Dŵr Cymru Welsh Water is undertaking the biggest ever investment to the drinking water supply in west Wales to ensure customers continue to receive a first class supply for decades to come.

With some parts of the network nearing the end of its operational life, this significant investment will see over 174km of water mains in west Wales cleaned or replaced over the next two years.

Some of the first areas to receive investments include Hermon where over £500,000 will be spent on upgrading the water network, while over £600,000 will be invested in the drinking water network in Eglwyswrw. £650,000 will also be spent in the Pont-siân area in Ceredigion.

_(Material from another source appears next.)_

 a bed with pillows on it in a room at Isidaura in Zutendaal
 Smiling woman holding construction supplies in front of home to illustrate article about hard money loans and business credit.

The widespread investment in the area by the not-for-profit company will also involve replacing over 5km of the drinking water trunk main in Llechryd and Cilgerran.

In November last year Welsh Water experienced a burst on the network in Llechryd which left customers temporarily without water. To minimise the risk of such disruptions to supplies in the future, Welsh Water pledged £5 million to replace this strategic trunk main. This was in addition to the £16 million already planned on improving the resilience and quality of the water supply across the area.

Ian Christie, Welsh Water’s Managing Director of Water Services said: “With some parts of the water network laid over a century ago, the time has come for us to undertake some essential work to cleanse the pipes or where needed replace whole sections. We are committed to providing customers with a first class supply and our work here, including the replacement of the Llechryd main after the recent burst, reflects this.

“We understand that a large refurbishment programme like this can cause disruption in the short-term, but the long term benefits include reduced leaks, less interruptions to supply and high quality drinking water for the whole community for decades to come.”

Councillor John Davies who represents the Cilgerran ward where the work is set to take place on the trunk main said, “I very much welcome Dŵr Cymru‘s commitment to invest in the water supply network of the area. Whilst much of the work will focus within the community of Cilgerran the benefits will be wide ranging and place our area in a far better position in relation to resilience of the water supply network. It is reassuring that Dŵr Cymru have taken on residents’ concerns in regards to having a reliable supply of water.”

Ian Christie from Welsh Water added; “While we are working in these areas, some customers may experience low water pressure or discoloured water. This is perfectly normal during work such as this and please be assured the water supply will return to normal quickly. Customers can find more information on our website.

Notes to editor

  • Dŵr Cymru Welsh Water serves most of Wales, Deeside and Herefordshire. It is one of 10 water and sewerage companies in England and Wales and is the sixth largest. Unlike other water companies, it does not have any shareholders
  • Since 2001, it has been owned by Glas Cymru which was formed in April 2001 for the sole purpose of acquiring and owning Welsh Water
  • It is a ‘company limited by guarantee’ and our business model is unique in the water industry. It has no shareholders which means that all financial surpluses are reinvested in the business for the benefit of customers
  • Glas Cymru’s constitution strictly limits its purpose to that of financing water assets in Welsh Water’s area of appointment and managing Welsh Water’s business so that high quality water and wastewater services are delivered at least cost to the communities served by Welsh Water
  • As part of our £26 billion network of assets, we operate and maintain 27,500km of water mains, more than 30,000km of sewers, 838 sewage treatment works and 87 impounding reservoirs.